Provided records >>
╔══
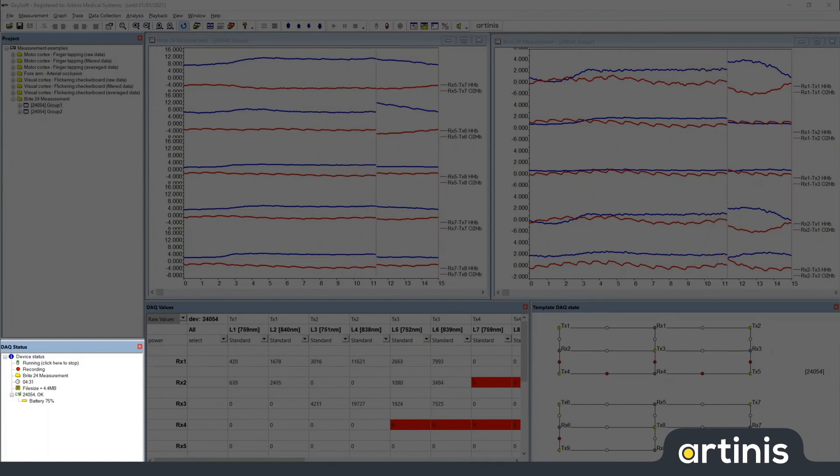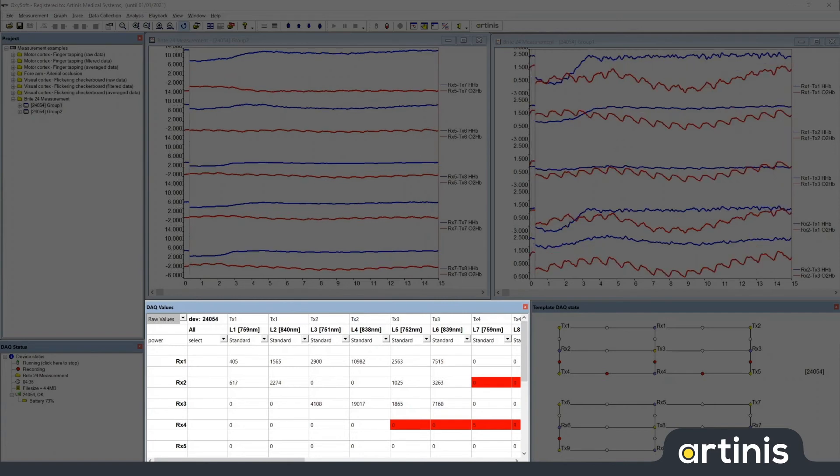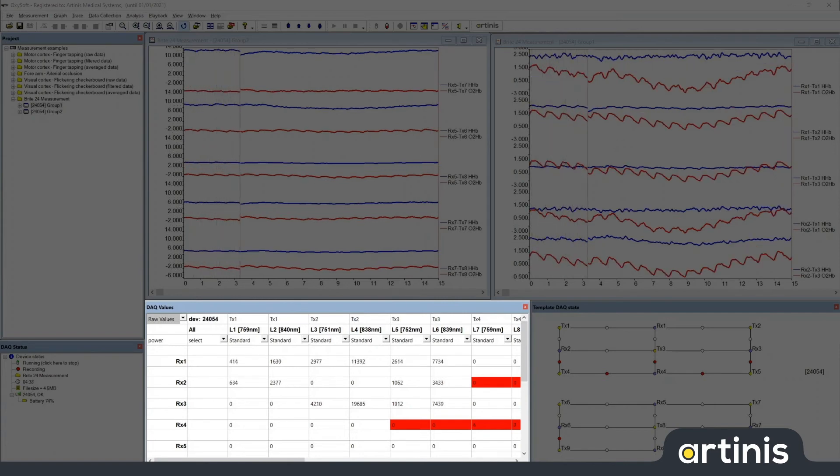To the right of that is the DAC values window. This shows the light received at each receiver transmitter pair and it also shows in red if the light is out of range.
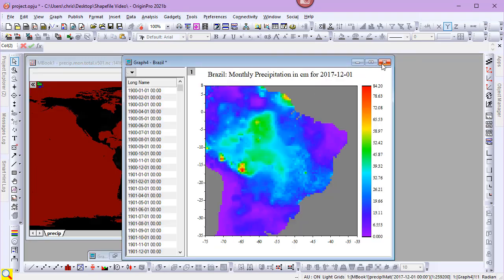From the same data, I created a browser graph focused on the country of Brazil. I'd like to add the national boundaries, but Origin does not ship with a shapefile of Brazil. So I'll import one with the shapefile data.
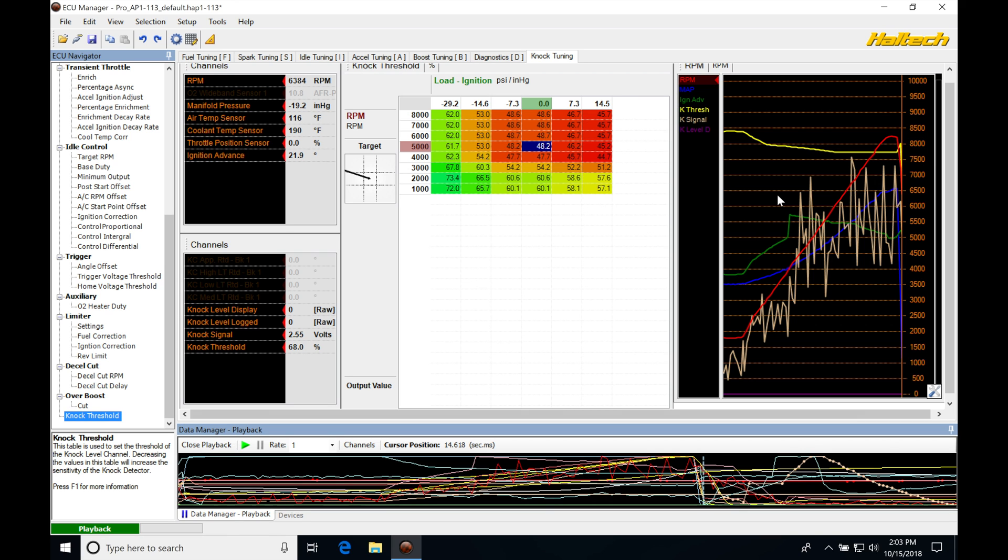What we need to pay attention to is this knock signal. We can see it's super spiky here, then it settles out and gets spiky again. This look of our knock voltage might indicate that we have some kind of knock going on.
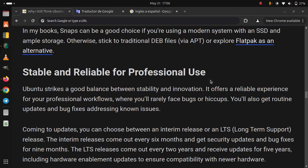Coming to updates, you can choose between an interim release or an LTS long-term support release. The interim releases come out every six months and get security updates and bug fixes for nine months. The LTS releases come out every two years and receive updates for five years, including hardware enablement updates to ensure compatibility with newer hardware.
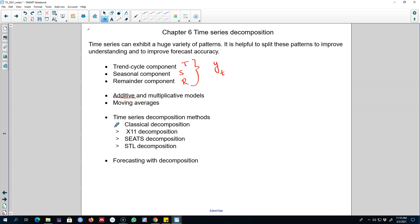The first major concept I'm going to talk about is moving averages, in which we try to extract the trend-cycle component. After that I'll talk about various decomposition methods, starting with classical decomposition, then X11, SEATS, and STL decomposition methods. We'll see that these methods are suitable in different situations and some are preferable over others.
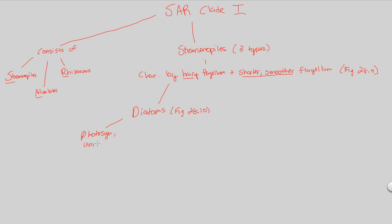Diatoms are a photosynthetic unicellular algae. It's an important point that algae — a lot of people think of green algae and assume algae are some type of plant. For the most part, almost all the algae on planet Earth, which is found in water, is photosynthetic, unicellular, and classified as protists. It is not a plant. Algae is found within the protist group of eukaryotes, and we're going to see algae show up constantly in these next couple of protist discussions.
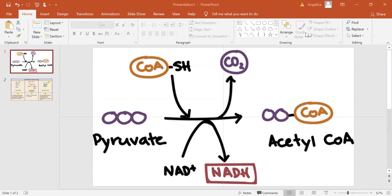In eukaryotes, this step takes place in the matrix, the innermost compartment of mitochondria. In prokaryotes, it happens in the cytoplasm.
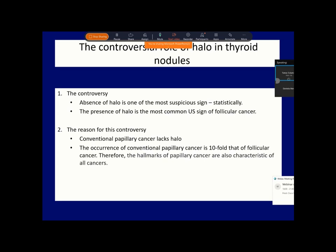The other reason is even more important. As I will demonstrate, follicular cancer behaves just the opposite of papillary cancer. The most common feature of a follicular neoplasia is the halo sign. So if we relied on the absence of halo, most follicular cancers would be overlooked.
╚══
Work to complete >>
Everything from the line with "Diatoms are a" through the end of the records is to be repeated exactly. The pictures are not.

Your solution >>
Diatoms are a photosynthetic unicellular algae. It's an important point that algae — a lot of people think of green algae and assume algae are some type of plant. For the most part, almost all the algae on planet Earth, which is found in water, is photosynthetic, unicellular, and classified as protists. It is not a plant. Algae is found within the protist group of eukaryotes, and we're going to see algae show up constantly in these next couple of protist discussions.
In eukaryotes, this step takes place in the matrix, the innermost compartment of mitochondria. In prokaryotes, it happens in the cytoplasm.
The other reason is even more important. As I will demonstrate, follicular cancer behaves just the opposite of papillary cancer. The most common feature of a follicular neoplasia is the halo sign. So if we relied on the absence of halo, most follicular cancers would be overlooked.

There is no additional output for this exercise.